Her fingers reached into the dark recesses
of the closet, finally closing on the subject of her search—a man’s pea coat,
the navy-colored wool slightly moth bitten. She carried it to her granddaughter’s
room and settled onto the corner of Becky’s bed. The pad of paper in front of
her granddaughter remained untouched.
“I have something for you,” she
said. “It isn’t a computer, but I’m hoping you can put it to good use.”
Becky eyed the old jacket, a furrow
deepening between her eyes.
“Ever heard of a writer named Ernest Hemingway?”
“Granny! Of course I have. He was one of
America’s greatest writers. We studied him in school.”
“Well, here’s something you don’t know; he and I were once an item.”
“An item?”
Granny sighed. “Yes, a couple. This was
before I met your grandpa. Ernest and I eventually broke up, but he left behind
this coat.”
Becky’s eyes widened like saucers. “That’s
Ernest Hemingway’s coat? Granny, are you fooling me?”

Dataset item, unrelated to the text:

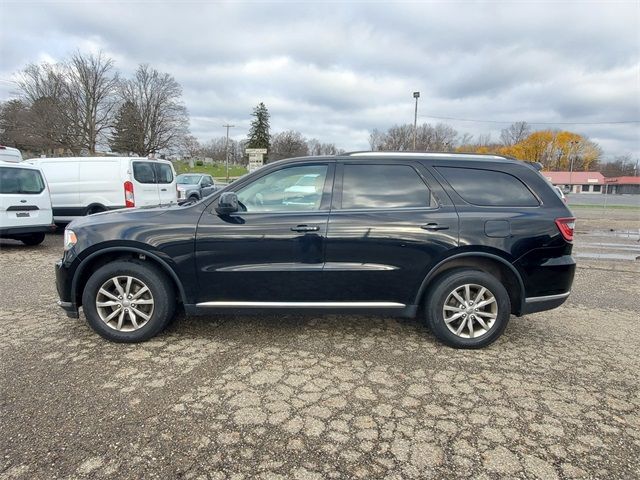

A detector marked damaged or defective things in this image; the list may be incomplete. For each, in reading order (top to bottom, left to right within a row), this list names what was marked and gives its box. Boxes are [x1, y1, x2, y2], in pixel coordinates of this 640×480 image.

“Have you ever known me to fool you?”
Speechless, Becky shook her head.
The old woman stood and draped the coat
over her granddaughter’s slender shoulders. “In many cultures it’s believed the
talent of a person rubs off on their clothing.” Fortunately, the girl didn’t ask
her to name them.
Later that evening after the old woman had
finished smoking the rest of her cigarette
and was lumbering off to bed, she
paused to peek inside her granddaughter’s bedroom. Instead of being fast
asleep, Becky was wrapped in the pea coat with the cuffs rolled up to expose
her wrists. She was writing furiously.
It occurred to the old woman that pea
coats were traditionally worn by sailors. Had Hemingway been a sailor? She
didn’t think so. The girl would learn the truth eventually, but by then the pea
coat would have served its purpose. It had been abandoned, left hanging in the
closet when she rented the trailer years ago.
“A little fib isn’t so bad,” she mumbled
to herself, “especially if it’s all you have.”